All tourist beaches in Qinhuangdao, Hebei province, will become smoke-free if a new draft regulation on smoking is approved by the local government.
If approved, the rule would make Qinhuangdao the first city to ban smoking on beaches.
Drafted by the city’s health commission, the regulation would also ban smoking in all indoor public spaces, workplaces and public transportation vehicles, as well as in some outdoor public areas, including scenic areas and near children’s hospitals, schools and libraries.
E-cigarettes would also be prohibited.
The draft has been released on the city’s website to solicit public opinion.
“By including beaches in the spaces where smoking is banned, we can set a standard for other coastal cities to follow,” Liao Wenke, deputy director of the Chinese Association on Tobacco Control, was quoted as saying by china.caixin.com.
Banning smoking on beaches is an international trend, according to an article on the association’s website.
It said Thailand, a popular destination for coastal tourism, initiated smoking bans on its 24 beaches in February last year.
Wang Na, a 31-year-old from Qinhuangdao who has a 3-year-old daughter, said the smoke-free environment will encourage her to spend weekends with her family on the beaches more often.
“I don’t like the smell of cigarettes and hate to let my daughter be exposed to it,” Wang said, adding that she often sees discarded cigarette butts on the sand.
Located about 250 kilometers east of Beijing, Qinhuangdao, on the shore of the Bohai Sea, is one of the most popular coastal cities in northern China.
According to the Qinhuangdao Bureau of Statistics, the city received more than 60 million tourists from home and abroad last year, an increase of 19 percent year-on-year.
“The challenge is to enhance the public’s awareness of smoking and to make smokers abide by the regulation,” Liao said. He added that the authorities should strengthen publicity about the harm done by cigarettes and tobacco.

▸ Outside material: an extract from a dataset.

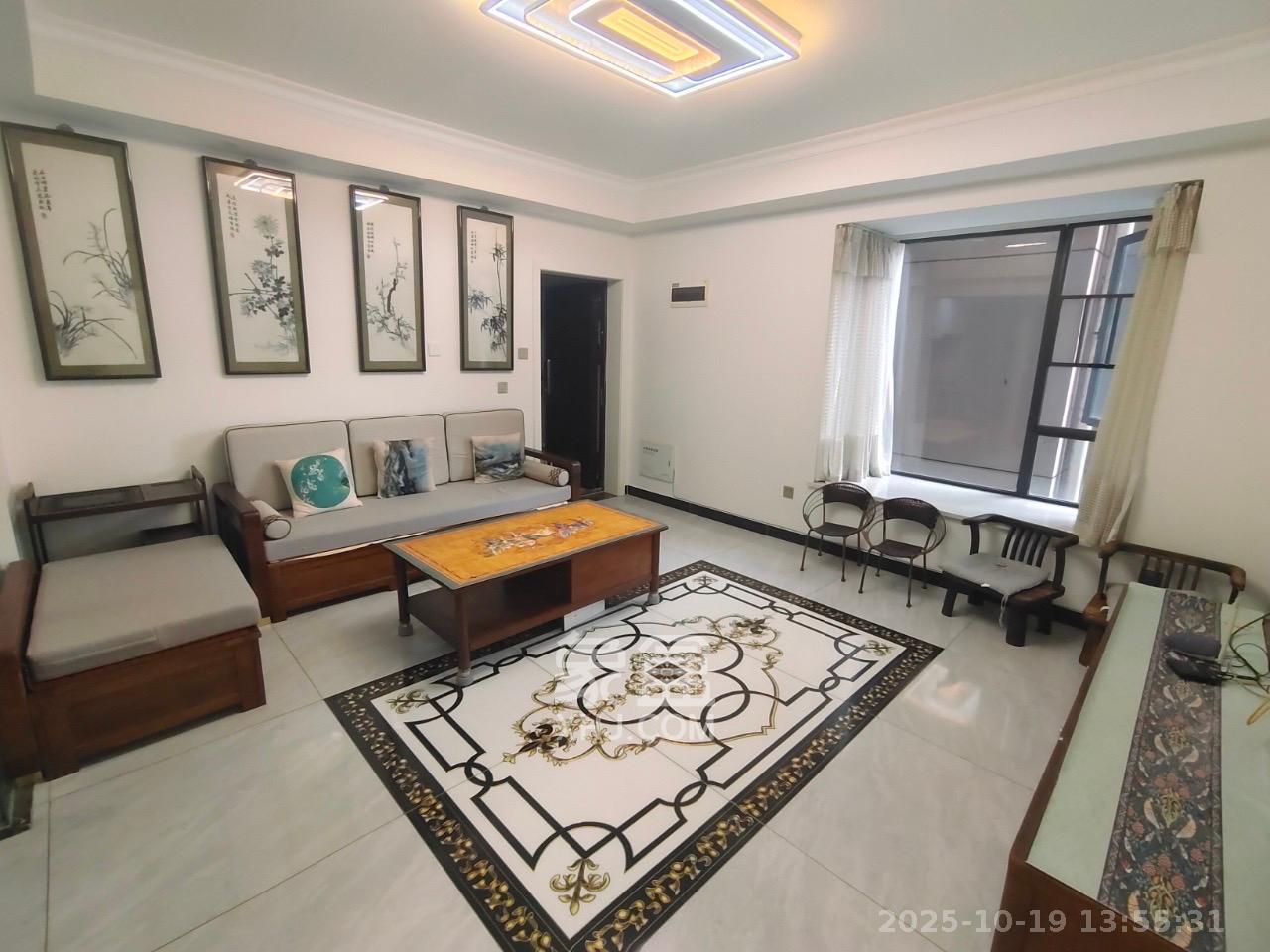 新新花园  2室1厅1卫    2300.0元/月室内图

To create a smoke-free environment, 18 Chinese cities had carried out anti-smoking regulations by the end of 2017, covering one-10th of the population, according to the National Health Commission.
The regulation in Beijing, one of the toughest, has had an effect. From 2015 to 2018, the rate of discovering smoking or cigarette butts in public spaces in Beijing was cut from 28.7 percent to 4.9 percent of spaces inspected, according to an article on the tobacco control association’s website.